Les croquis réalisés par Reimann pour Genuine (1920) et Algol (1920) tablent sur le succès de l'«expressionnisme» de Caligari, mais dénotent la polyvalence du créateur de décors professionnel, rappelant l'architecture fantastique de Bruno Taut et anticipant le décor réalisé par Hans Poelzig pour Le Golem. Par contraste, les peintures de Reimann trahissent une affinité éclectique pour de nombreuses œuvres et tendances artistiques en vogue à l'époque, les sources d'inspiration principales étant peut-être Lovis Corinth (pour les portraits) et Vincent Van Gogh (pour les paysages).
La vie de Reimann témoigne d'une tension caractéristique: tandis qu'il donnait l'image d'un artiste indépendant, sa réputation repose entièrement sur son travail pour le cinéma, notamment ses dessins de décors réalisés pour Berthold Viertel (Nora, 1922), E. A. Dupont (Die grüne Manuela, 1923) et Henrik Galeen (Alraune, 1927).

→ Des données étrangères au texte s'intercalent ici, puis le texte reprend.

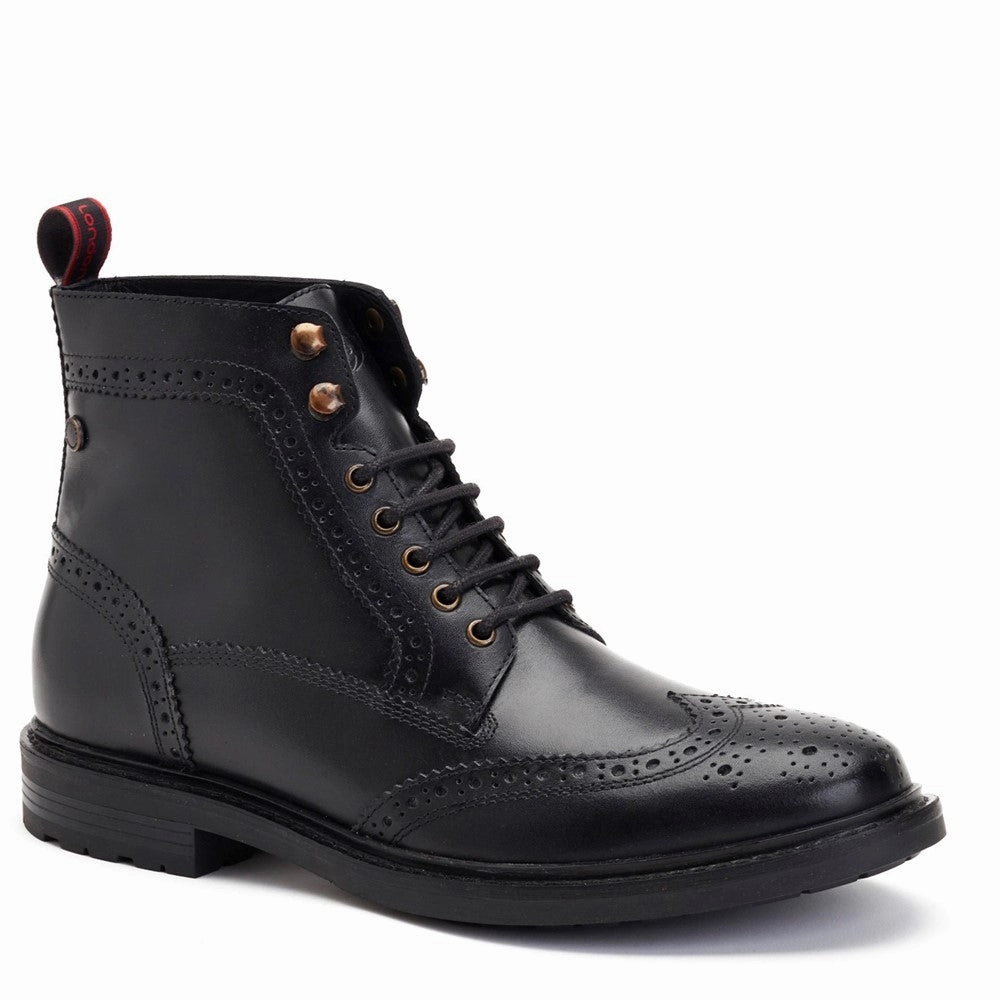 Base London Dealer Brogue Boot Fashion Sneakers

En 1928, Reimann séjourne brièvement à Hollywood en qualité de production designer pour le film d'Ernst Lubitsch Eternal Love (1929), mais il travaille également avec Thea von Harbou en concevant la jaquette de sa novélisation de Metropolis (1926) et en rédigeant le scénario d'Elisabeth und der Narr (1933, Thea von Harbou). Non content de prêter son talent au cinéma, Reimann crée des affiches, des couvertures de magazine et des publicités. Entre 1923 et 1933, il publie également une vingtaine d'articles sur les décors de films, la direction artistique, les relations entre l'architecture et le cinéma, ainsi que sur son expérience hollywoodienne et autres sujets liés à la création cinématographique, articles qui témoignent d'une intelligence aiguë ainsi que d'un désenchantement croissant à la vue des tendances commerciales de l'industrie cinématographique allemande après l'avènement du parlant.